Top of DATA FOR ANALYSIS

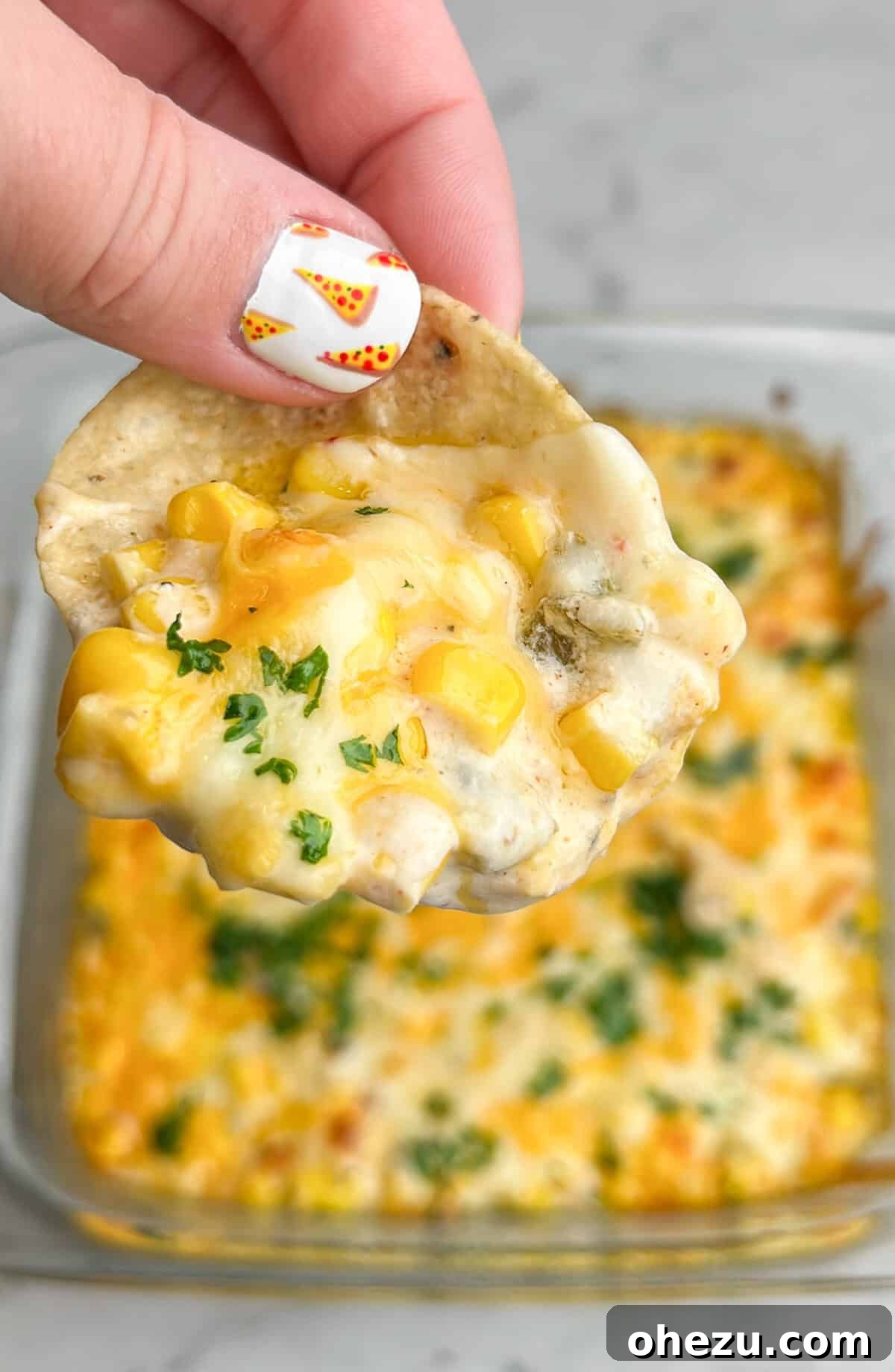 Over 70 Perfect Friendsgiving Recipes to Try in 2024 17 Creamy Cheesy Corn Dip, perfect for Friendsgiving potlucks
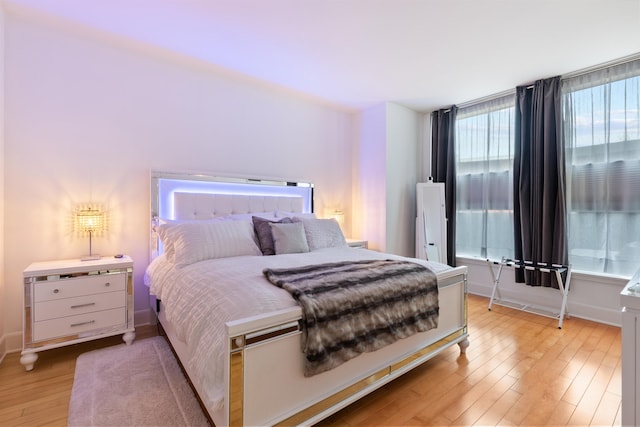 bedroom featuring baseboards and light wood-type flooring
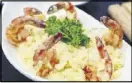  ?? CONTRIBUTE­D BY DIEGO DINIZ ?? Tutto Kitchen & Bar offers a variety of pasta and seafood dishes, including this rich and creamy shrimp risotto.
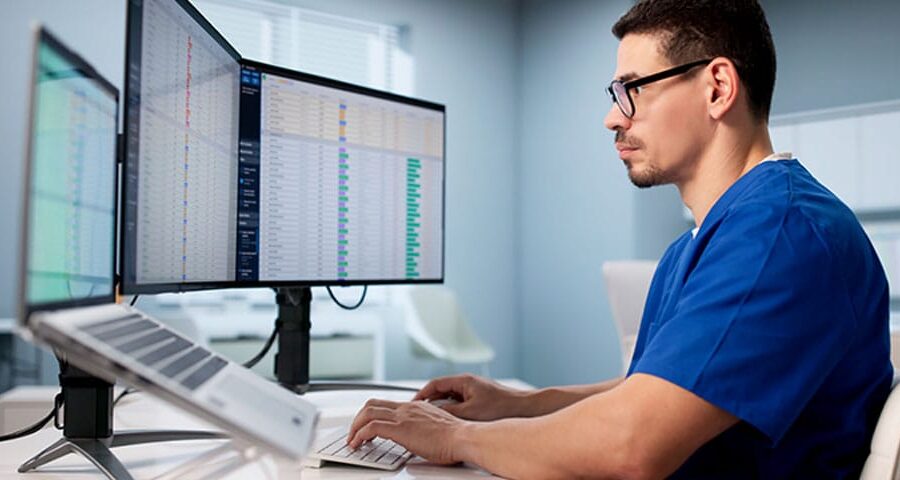 doctor working to reduce claim denials in his medical billing process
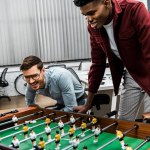 Sorridentes empresários multiculturais jogando futebol de mesa no escritório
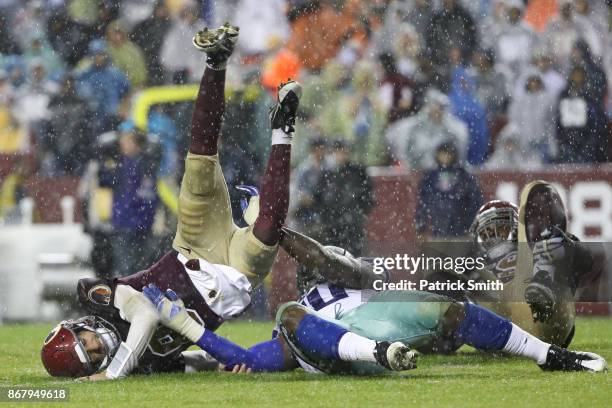 Quarterback Kirk Cousins of the Washington Redskins gets hit by defensive end Demarcus Lawrence of the Dallas Cowboys during the fourth quarter at...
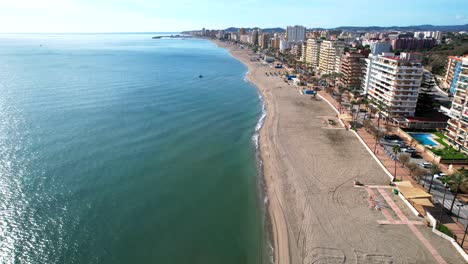 Incredible-aerial-view-of-waves-crashing-on-golden-sand-beaches-by-hotels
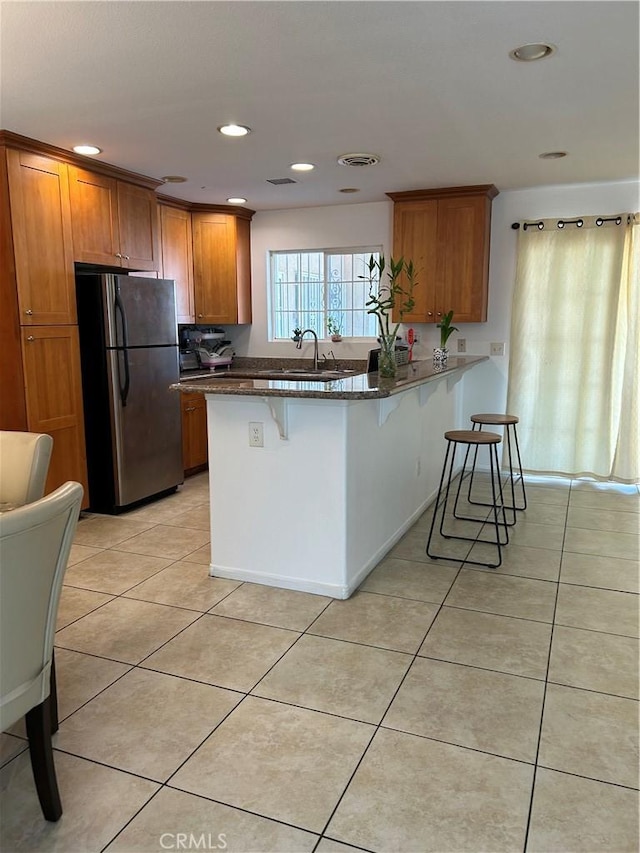 kitchen with a peninsula, a kitchen breakfast bar, light tile patterned flooring, freestanding refrigerator, and brown cabinetry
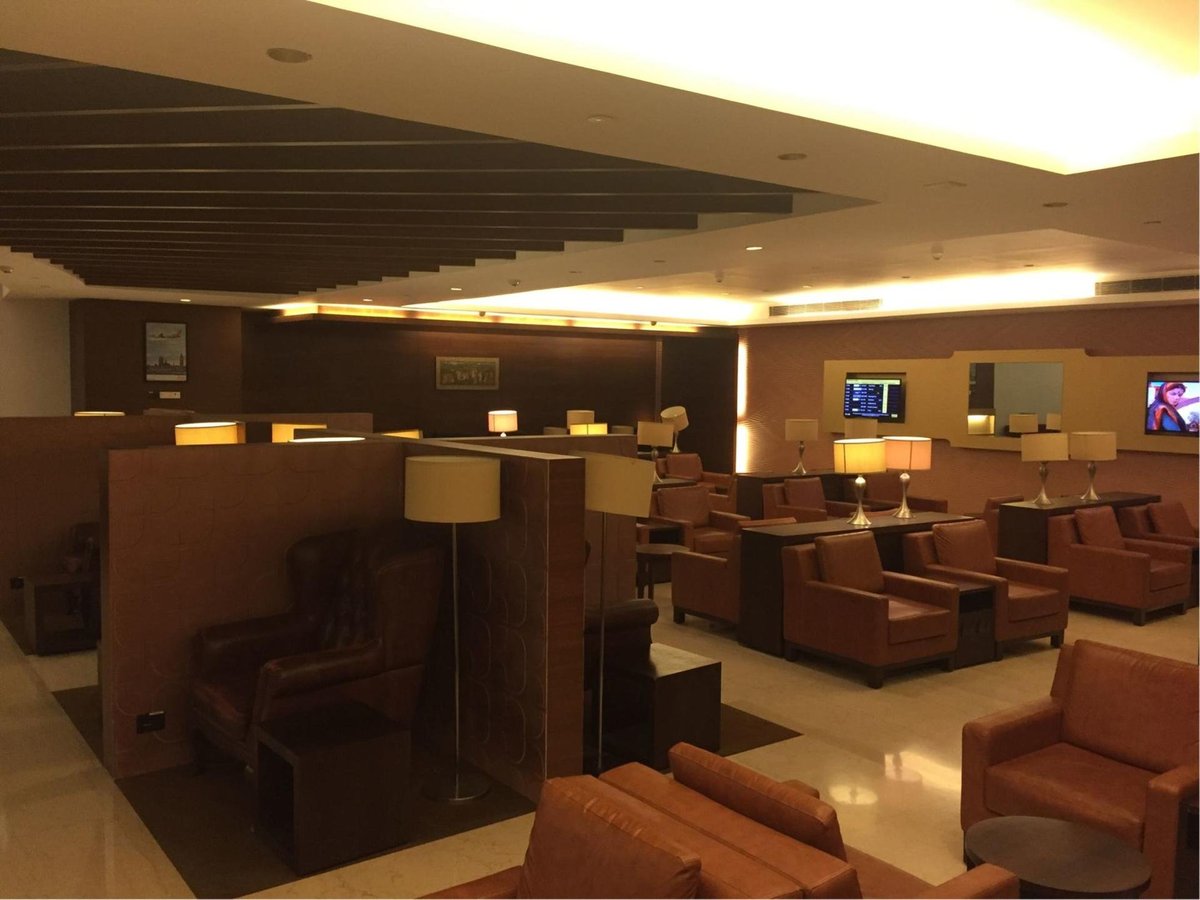 Interior of airport lounge with a warm inviting ambiance, showcasing tan leather armchairs and booths. Ambient lighting from lamps and ceiling fixtures cast a soft glow, while flight information screens provide updates for travellers.
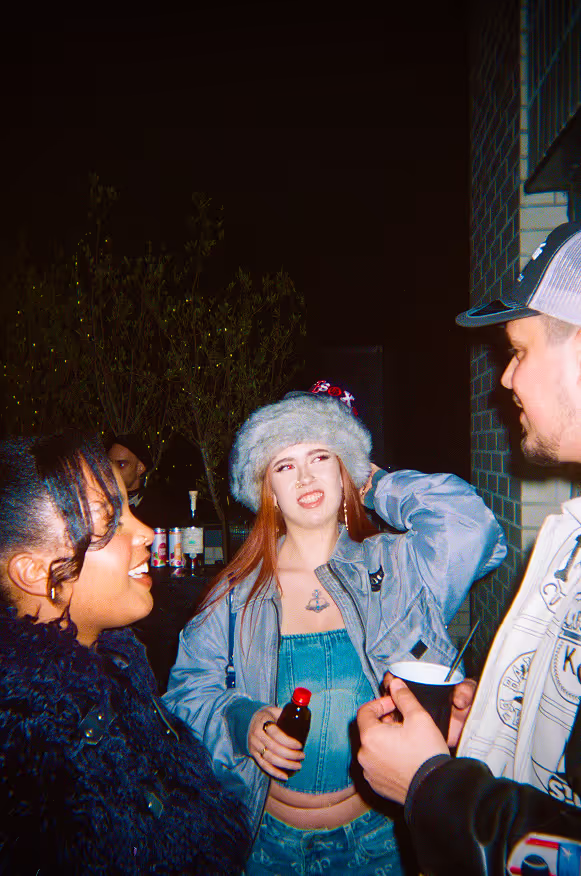 Three stylish young people talking at a rooftop party by Soirée in London, UK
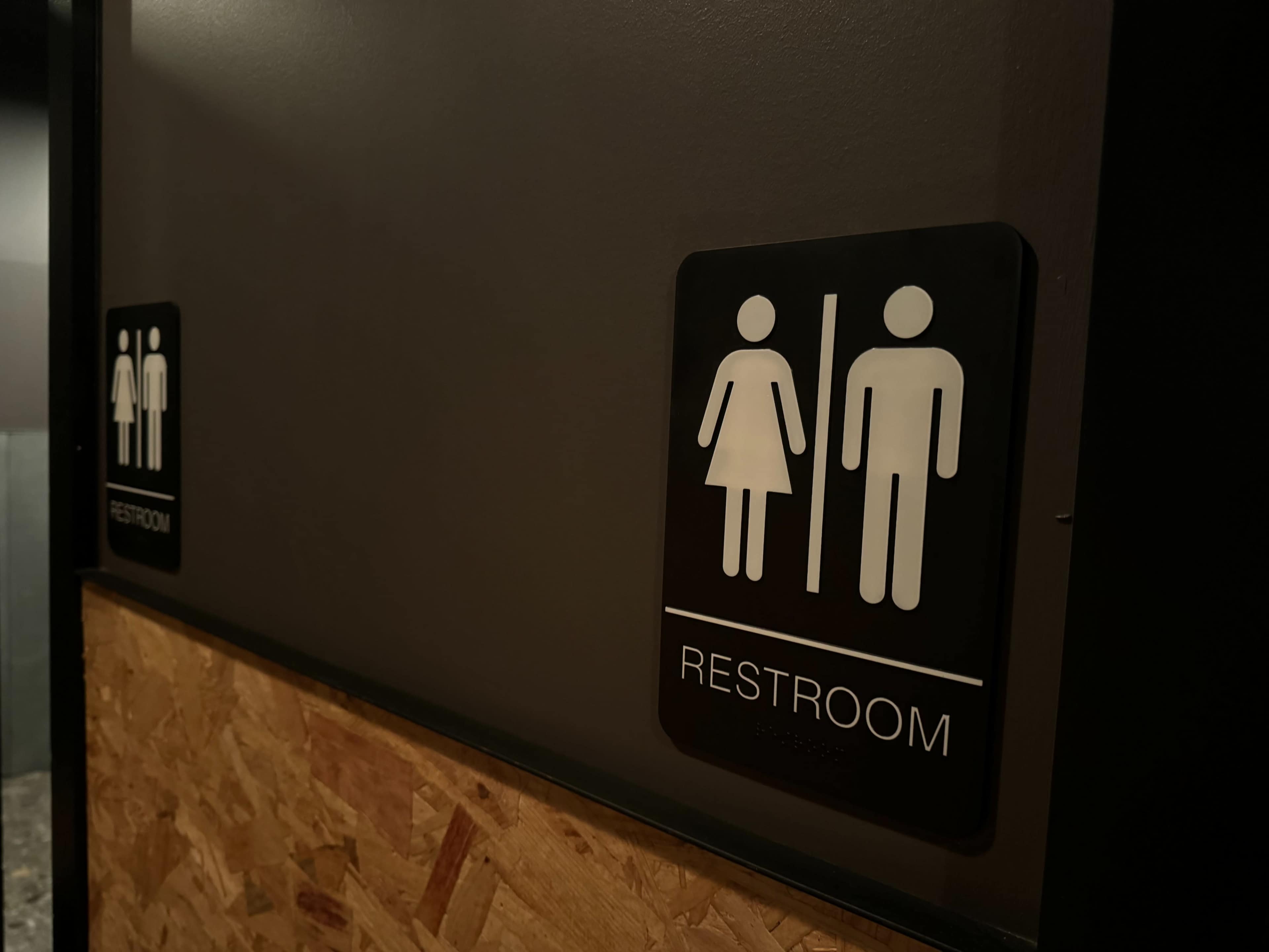 The image shows restroom signs indicating male and female facilities on a wall with an exposed wooden panel.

Bottom of DATA FOR ANALYSIS

◆ INSTRUCTIONS FOR THE TASK
Beginning at the line that contains "Interior of airport" and ending at the last line of the data, return each line exactly; no picture belongs in the copy.

◆ RESULT OF THIS EXERCISE
 Interior of airport lounge with a warm inviting ambiance, showcasing tan leather armchairs and booths. Ambient lighting from lamps and ceiling fixtures cast a soft glow, while flight information screens provide updates for travellers.
 Three stylish young people talking at a rooftop party by Soirée in London, UK
 The image shows restroom signs indicating male and female facilities on a wall with an exposed wooden panel.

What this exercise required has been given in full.